- **Your task**
Your reproduction of the entries should be exact and should contain no pictures.

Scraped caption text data
::::
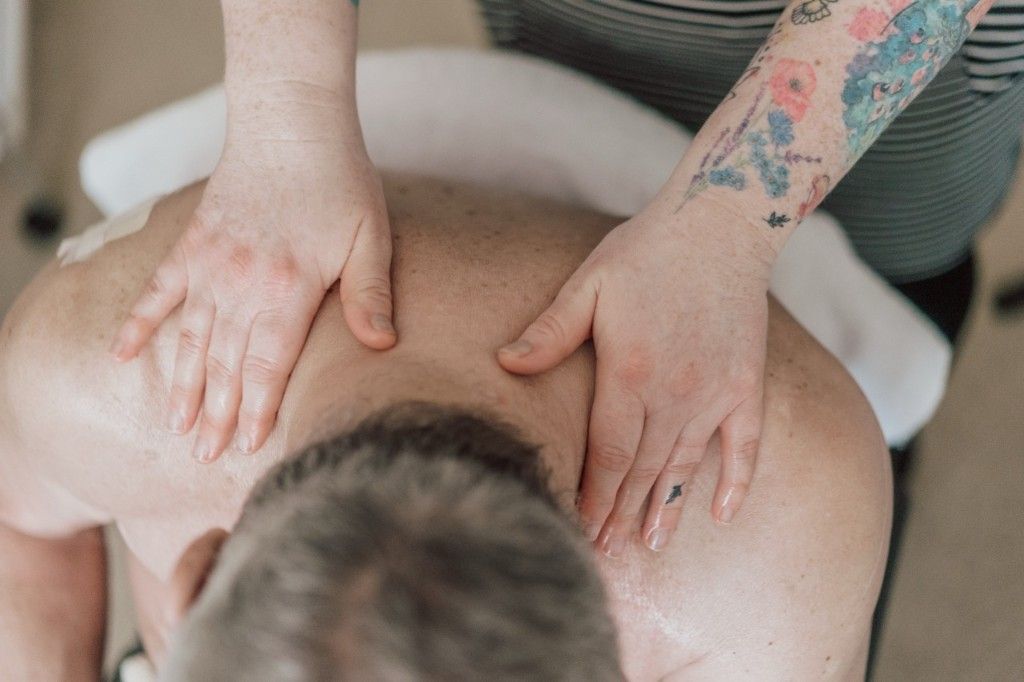 A complementary therapy massage session at Dove Cottage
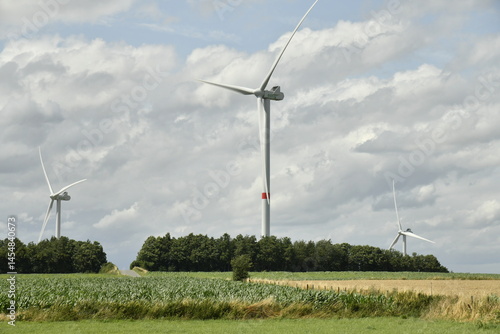 Parc éolien en pleine campagne à Ghislenghien (Ath) 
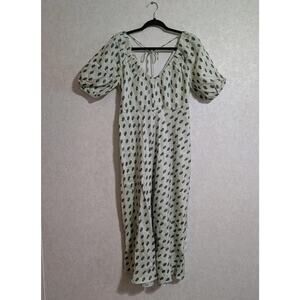 NWT Banana Republic Viscose-Linen Ruched Maxi Dress Etched Paisley Size 4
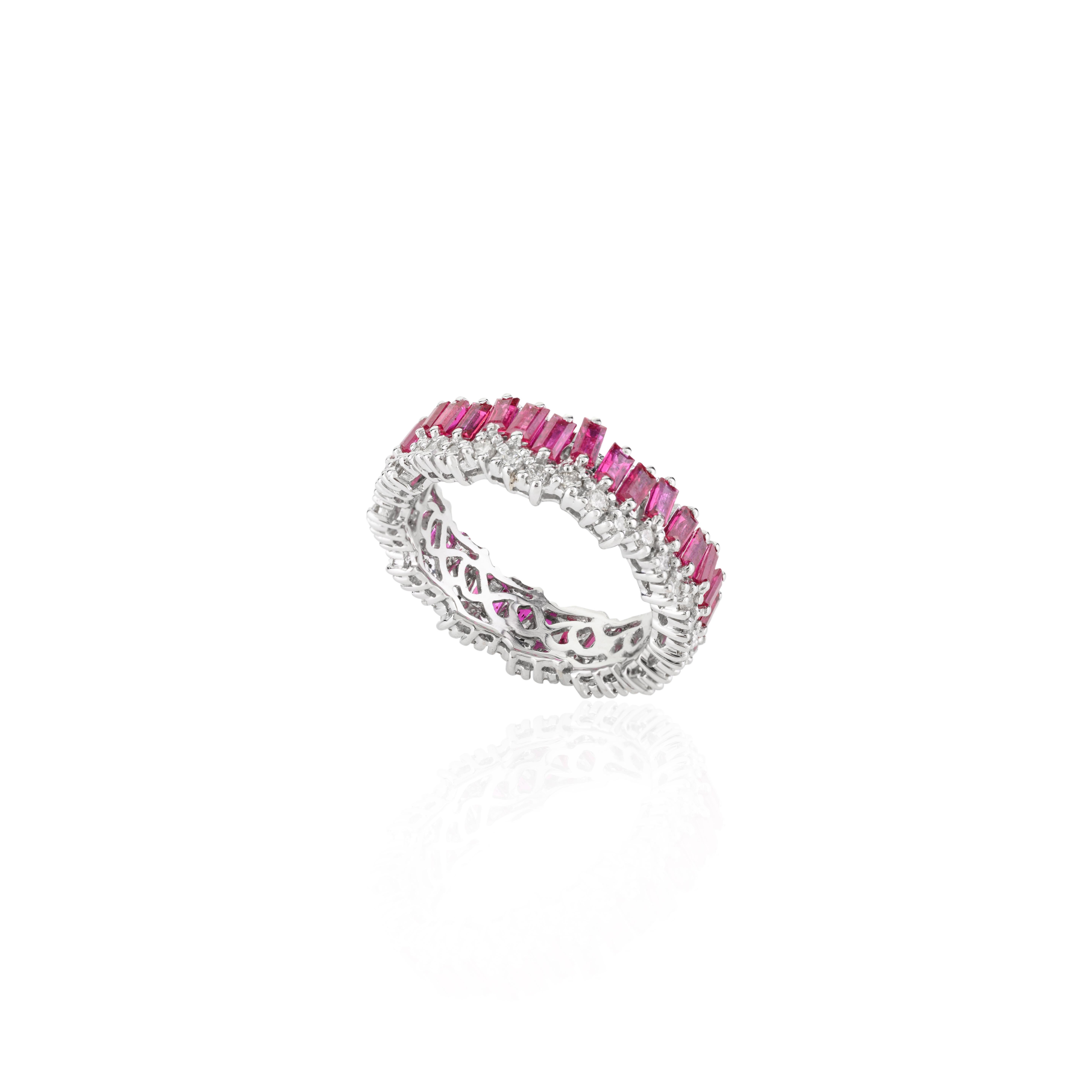 For Sale:  2.2 Carat Ruby and Diamond Engagement Band Ring in 18k White Gold 4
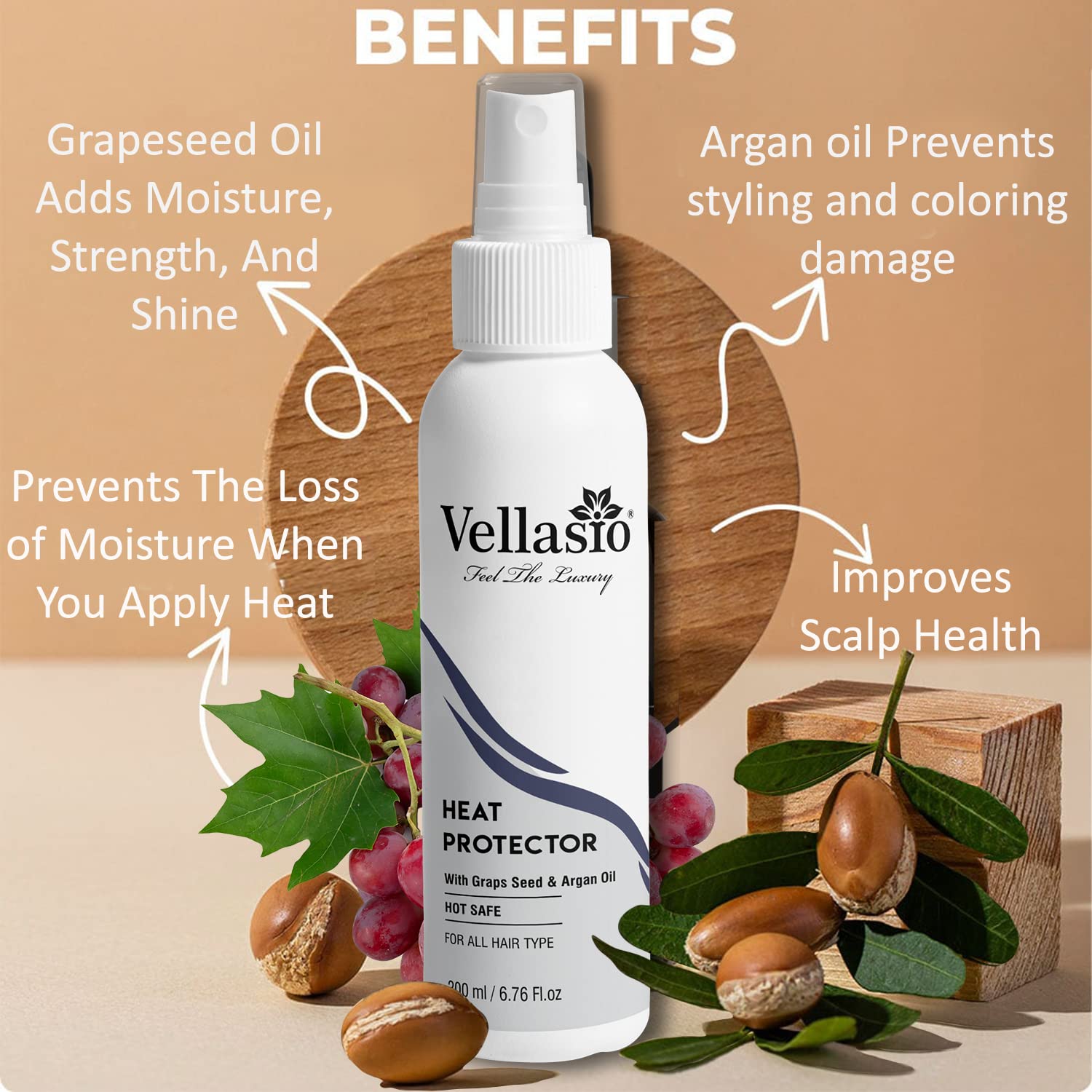 Vellasio Natural Hair Heat Protection Spray For Hair Straightener With Moroccan Argan oil And Grapes Seed Oil No Sulphate, No Paraben Hair Spray for Straightening Men and Women - View 2 of 3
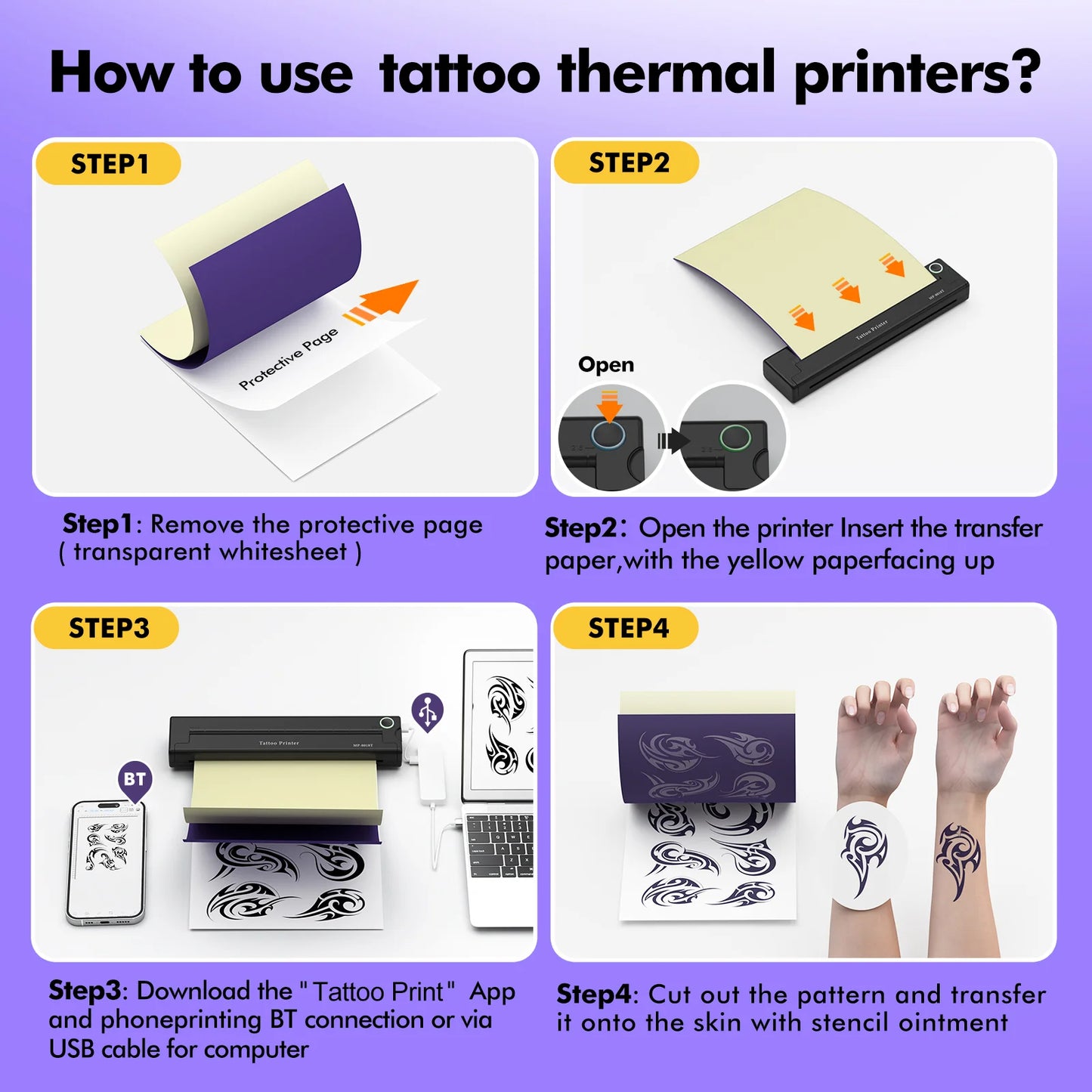 A4 Portable Printer Wireless Thermal Bluetooth Tattoos Printer Mini Thermal Printer A4 Paper Photo Printer From Mobile Phone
::::
- **Expected output**
 A complementary therapy massage session at Dove Cottage
 Parc éolien en pleine campagne à Ghislenghien (Ath) 
 NWT Banana Republic Viscose-Linen Ruched Maxi Dress Etched Paisley Size 4
 For Sale:  2.2 Carat Ruby and Diamond Engagement Band Ring in 18k White Gold 4
 Vellasio Natural Hair Heat Protection Spray For Hair Straightener With Moroccan Argan oil And Grapes Seed Oil No Sulphate, No Paraben Hair Spray for Straightening Men and Women - View 2 of 3
 A4 Portable Printer Wireless Thermal Bluetooth Tattoos Printer Mini Thermal Printer A4 Paper Photo Printer From Mobile Phone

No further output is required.